There are some key issues that Hunter’s Hill Council will be campaigning for, such as retaining local representation, heritage and a sense of community. A public campaign on the issue (‘Keep Councils Local’) has been launched by Hunter’s Hill, Ryde, Lane Cove and Mosman Councils.

We don’t want our residents to lose their voice in local government. The proposed larger LGA will have a population of over 300,000 represented by a maximum of 15 councillors. If forced amalgamations go ahead, there will be fewer councillors representing larger populations. Our current seven Councillors would be reduced to just one at the most. The very essence of local government, namely its close connection with and responsiveness to its community, would be lost.

There is no empirical evidence to suggest that amalgamations of Councils will create financial savings, however we do want to ensure the principles of a strong financial position, efficient service delivery, a sense of community and a quality built and natural environment.
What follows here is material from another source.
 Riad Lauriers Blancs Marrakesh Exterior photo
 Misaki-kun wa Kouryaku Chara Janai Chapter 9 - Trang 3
Over the coming weeks Council will seek to inform and get feedback from our local community about the advantages and disadvantages of all options Council is considering. It is equally important that we consult with our own community to determine the future of local government in our area.

I encourage you to join us at a public consultation session on Wednesday 6 May at Henley Community Centre, Crown Street, Henley commencing at 7pm. You will also be invited to respond to a community survey.